While informed professionals in many sectors see climate risk as one of the biggest risks the world faces, most investment professionals give it a much lower priority. They are not yet awake to the fact that the systemic risks arising from climate change, and the associated loss of value across a diversified portfolio, cannot be avoided by conventional techniques such as diversification, stock picking or hedging.
In the words of John Holdren, former US Presidential Science Adviser, “We need to manage the unavoidable, and avoid the unmanageable.” Hedging, risk assessment and divestment are all about managing the unavoidable. Forceful stewardship and public engagement is about avoiding the unmanageable – i.e. systemic risk. Investors need to be alert to physical risk, transition risk, and legal and regulatory risk.
The actual risk in a particular case will be an interplay of these, with the total risk being multiplicative, not additive. Since these risks cannot be avoided using traditional risk management strategies, investors – especially those who have commitments to sustainability, long termism or are simply well diversified – will accept they have a share of responsibility for keeping average warming to below 2C (<2C), in particular by exercising forceful stewardship.

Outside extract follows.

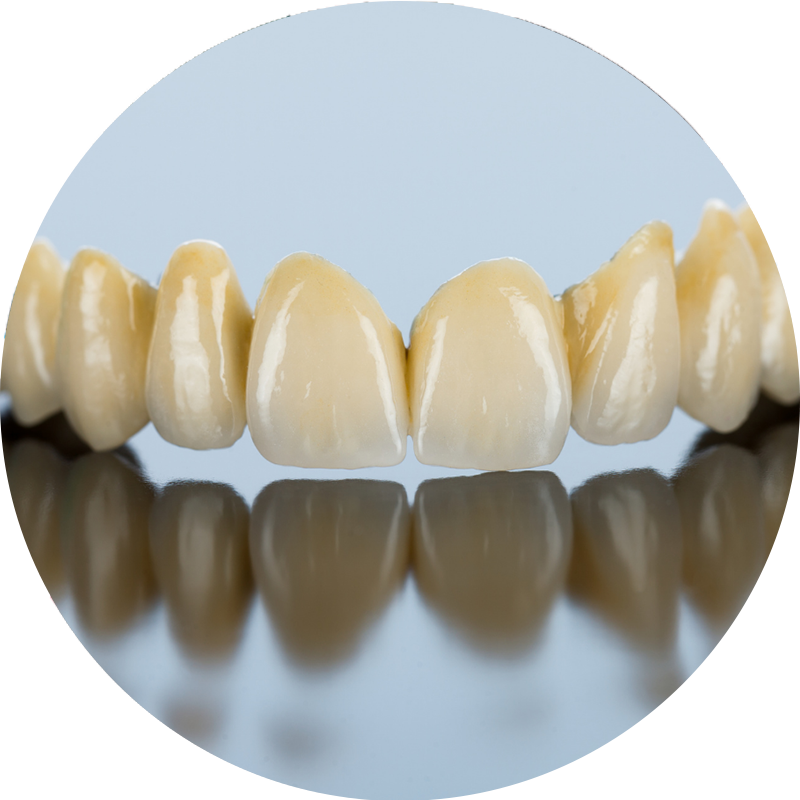 A close up of a row of teeth.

In a May 2016 event jointly organised with Mercer and Oliver Wyman, Preventable Surprises brought together a cross section of scientists, asset owners, asset managers and academics to explore why investors have been slow to take on board the concept of climate change, and what kind of communication about systemic risk could stimulate them to take action. A tentative conclusion was that communication needs to follow a SEE strategy of Scare (confront the risks), Encourage (acknowledge what is already happening and the positive opportunities from the transition to a low carbon world), and Empower (show that action is taking place across the whole financial system.)